The chain is decided from the input shape (the CSV header in this case): the caller runs the same command on every export, and the mold appends @anonymize_pii only when a sensitive column is present. Exports without those columns flow through untouched, no flag to wire.

Reference mold: auto_anonymize — shipped in the default registry, fixture-tested in tests-molds/auto_anonymize/.

3. Adaptive output

The mold decides how the chain should serialize based on output size or shape.

fimod s -i logs.json -m @compact_if_big --arg max=1000
# Core of @compact_if_big: flip to compact JSON when the result is large.
def transform(data, args, pipeline, **_):
    max_items = int(args.get("max", "1000"))
    size = len(data) if isinstance(data, (list, dict)) else None
    if size is not None and size > max_items:
        pipeline.current_step().set('output_format', 'json-compact')
    return data

Keeps the pretty default for small results, switches to compact for bulk dumps — without forcing the caller to think about it.

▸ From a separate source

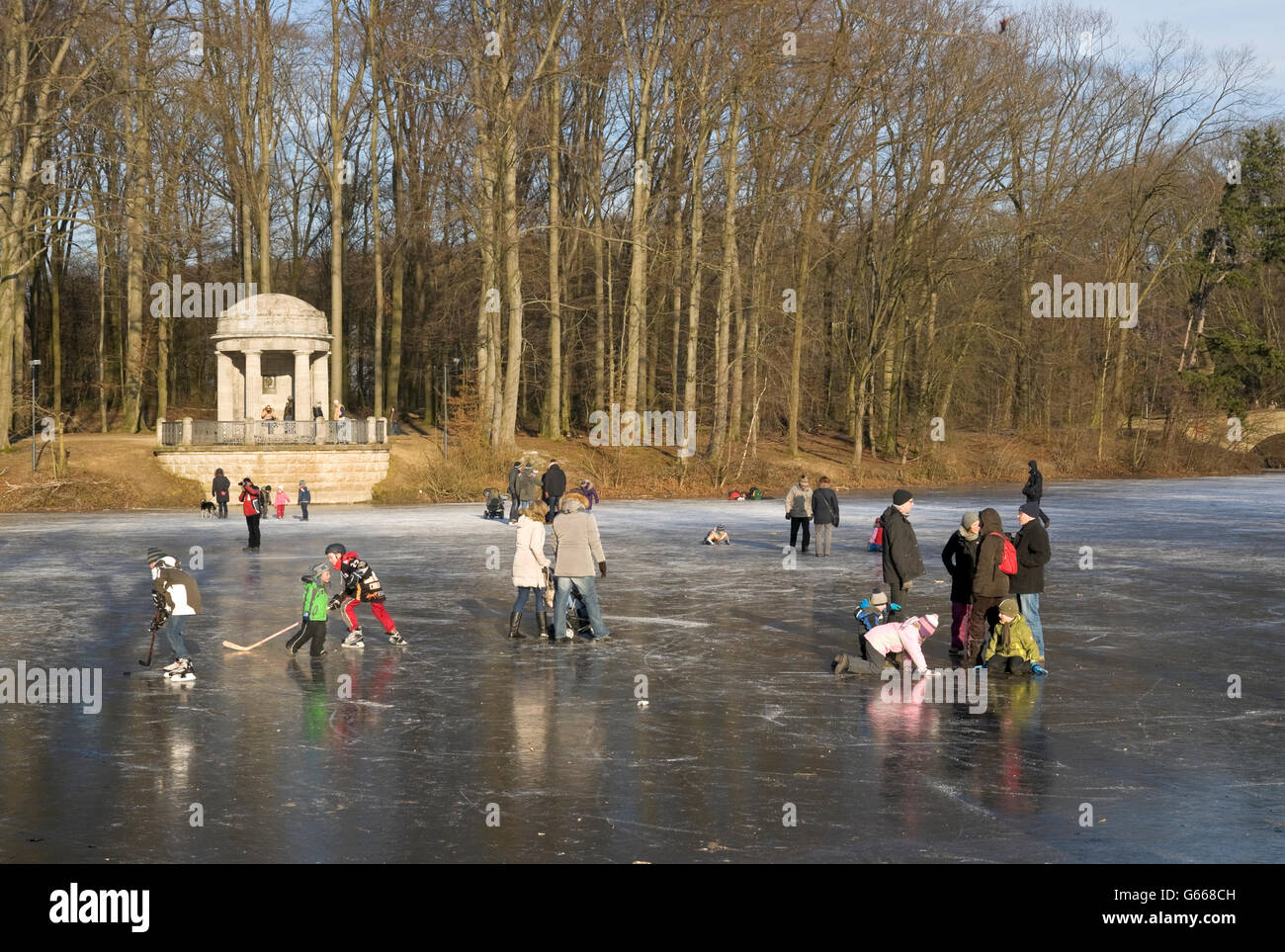 Les gens sur le lac gelé en tadtwald «' park, Krefeld, Rhénanie du Nord-Westphalie Banque D'Images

Reference mold: compact_if_big — shipped in the default registry, fixture-tested in tests-molds/compact_if_big/.


When NOT to use a dynamic mold

Dynamic molds add a layer of indirection. Do not reach for them when the simpler alternatives work:

  • Static parameters known at the call site → use --arg key=value or inline -e expr.
  • Pure transformation with no decision tree → write a regular transform(data, ...) mold without the pipeline parameter.
  • One-off scripts that won't be reused → an inline -e is fine, no need to register a mold.

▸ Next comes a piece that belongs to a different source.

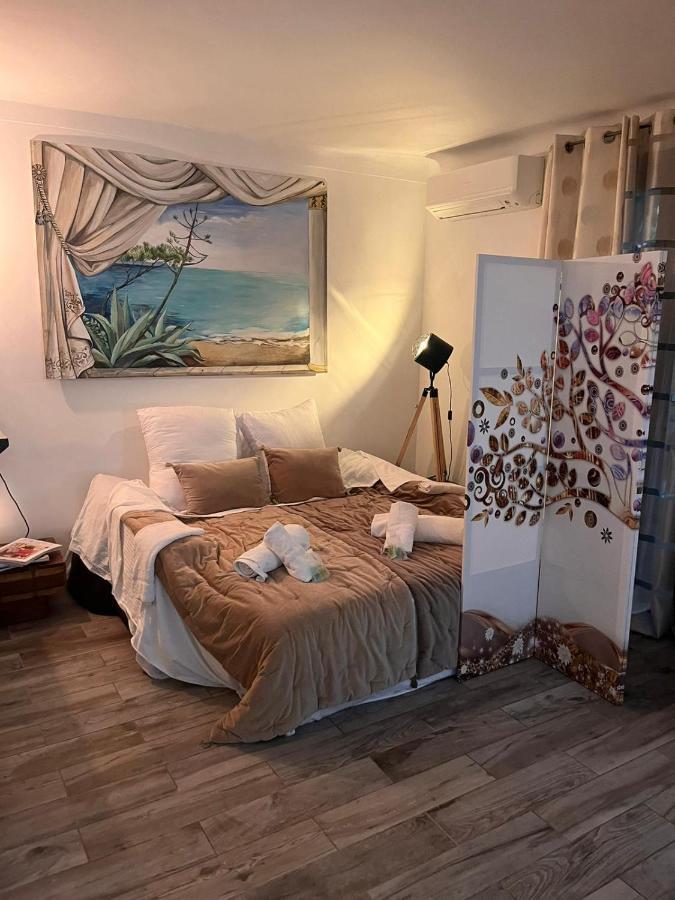 Les Canoubiers Luxe Et Serenite Au Coeur De Saint-Tropez Suites Spacieuses Avec Jardin Enchanteur Екстер'єр фото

The cost of a dynamic mold is readability: someone reading the chain has to open the mold to know what gets injected. Use it when the dynamic decision is the value-add of the mold (the user wants the live computation), not as a generic structuring mechanism.


Limitations

Snapshot semantics

pipeline.length(), pipeline.step(j), and the list of remaining steps are computed once per step, at the start of transform(). A step injected by step i via insert_next or append is only visible from step i+1 onwards. You cannot read or mutate a step you have just appended in the same transform() call.

Practically: do the injection, return data, and let the next step (which can be an inline -e in the same CLI invocation) interact with the injected step.

Series, not fan-out

append chains a step at the end of the pipeline; it does not create N parallel runs of the same downstream mold. The pipeline is strictly series — each step receives the output of the previous one. If you need a fan-out (process N chunks in parallel), the right tool is a shell loop or an external job runner; dynamic molds are not a replacement for that.

set('args') is future-only

step.set('args', {...}) is forbidden on the current step. The current step's args has already been passed to its transform() — mutating it would have no observable effect. Use a future step receiver instead.

Deterministic, not reactive

A mold sees its input data once. It cannot "subscribe" to events or react to streaming data. Dynamic in fimod means the chain is decided at runtime from the input data, not the chain reacts to a stream of events.


API reference

The full pipeline parameter API — current_step(), step(i), length(), insert_next, append, Step.create(...), step.get / step.set — is documented in the Mold Scripting guide.

This page is the why; that one is the how.